His father was there 70 years ago when Col. Paul Tibbet’s B-29 “Enola Gay” Superfortress returned from dropping the “Little Boy” atomic bomb on Hiroshima, Japan.
And somewhere in the boxes of World War II memorabilia stashed in the closets of Rudolph’s Las Vegas home is a snapshot of the explosion’s aftermath that his dad, Sgt. Francis F. “Rudy” Rudolph, took with a handheld camera from his aerial gunner’s perch.
“They happened to be right by Hiroshima and, ‘Wow,’ there it was,” Wayne Rudolph, 66, said Wednesday, recalling his dad’s image of the purple mushroom cloud.
After Francis Rudolph died in Montana in 1993, Wayne found a “Tinian” booklet in his father’s personal effects. Written by former Army Air Force officer Glenn E. McClure in 1977, a caption for two photos describes the scene his father talked about as the Enola Gay “touches down upon her return to North Field at 2:58 in the afternoon” of Aug. 6, 1945.
For 10 months beginning in September 1944 at the Wendover, Utah airfield, just east of the Nevada state line, Tibbets and his Enola Gay crew of the 20th Army Air Force’s 509th Composite Group, rehearsed the mission they would conduct from Tinian to deliver the first atomic bomb.

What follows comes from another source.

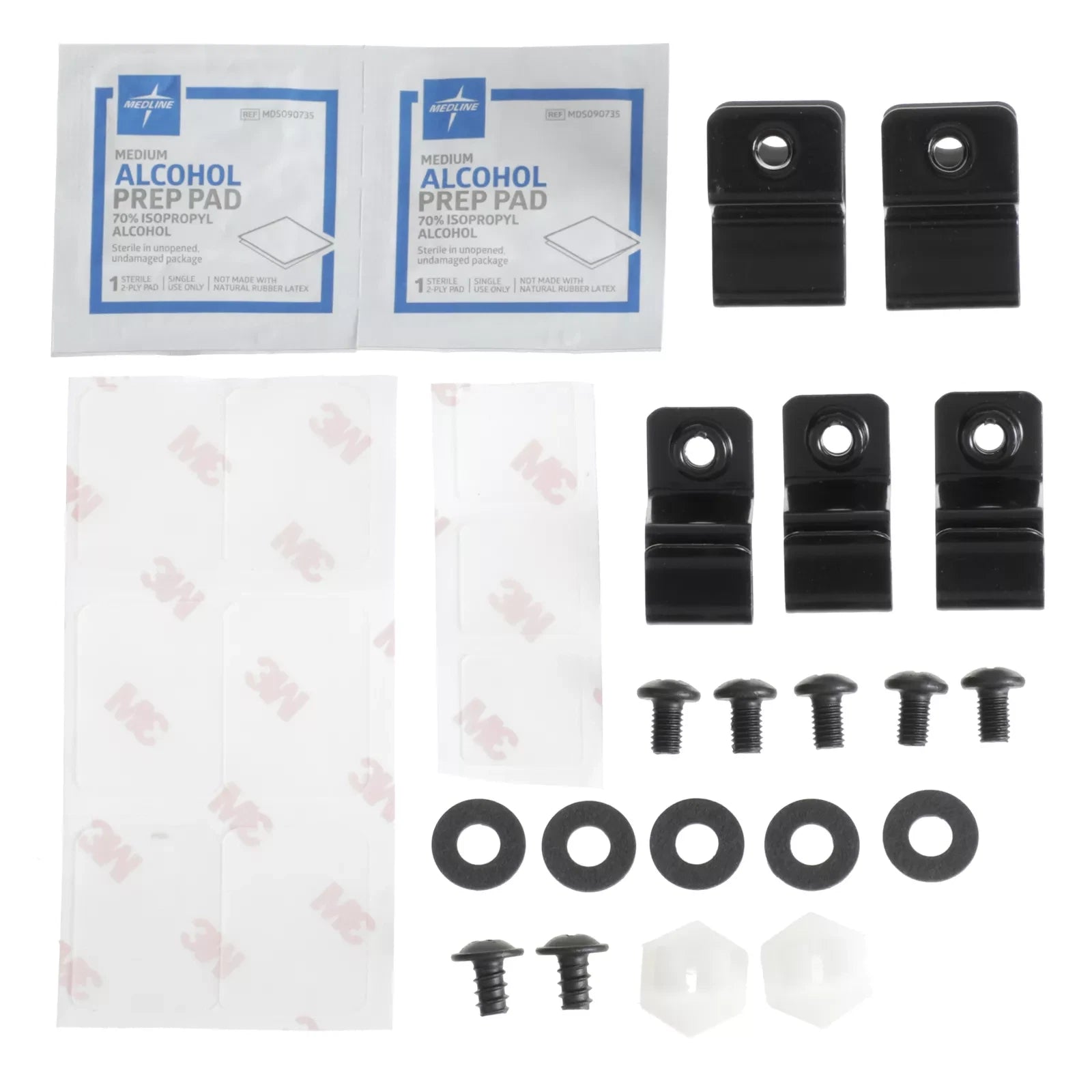 TRACHO Bonnet Protector & Weathershields Combo for Mitsubishi ASX 2020–Onwards | Full Weather & Front Protection Set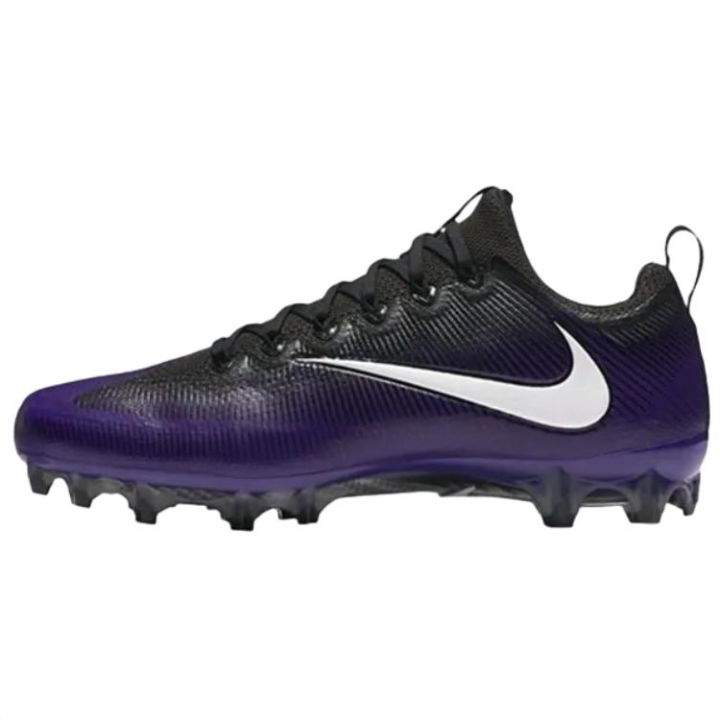 Nike Nike Vapor Untouchable Pro Soccer Shoes Men's Black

The training took place while government scientists for the top-secret Manhattan Project were busy developing the nation’s atomic bombs in Los Alamos, N.M. The effort climaxed with the successful Trinity test of the “Fat Man” bomb design at the White Sands, N.M. proving ground near Alamogordo on July 16, 1945.
Three days after the atomic bombing of Hiroshima, the Fat Man bomb delivered by the B-29 “Bockscar” Superfortress, leveled much of Nagasaki, Japan. Combined, the two bombs resulted in 129,000 immediate deaths with an estimated 250,000 lives lost eventually as a result of blast and radiation injuries.
Morris Jeppson, a weapons officer on board the Enola Gay, said the Hiroshima bombing run flight “turned out to be a milk run.”
Jeppson, who died in Las Vegas in 2010, told the Review-Journal in 2005 that the mission was “much easier than what I went through in Europe.”
Tibbets, who died in 2007, said he struggled to get the Enola Gay under control after the plane lunged upward when the 10,000-pound bomb was released. He put the B-29 in a steep dive to escape the blast.
A minute after the explosion, the first shock wave rocked the Enola Gay.
“It really whacked us,” he recalled for a story on the 60th anniversary of the Hiroshima bombing.
Wayne Rudolph said his dad seldom talked about how he felt after the August 1945 events.
“One time he said he felt it was necessary because so many Americans and Japanese would have been killed from invading Japan,” he said. “That was the propaganda at the time. It was a horrendous bomb and that’s what the American government was saying and he was just parroting that.”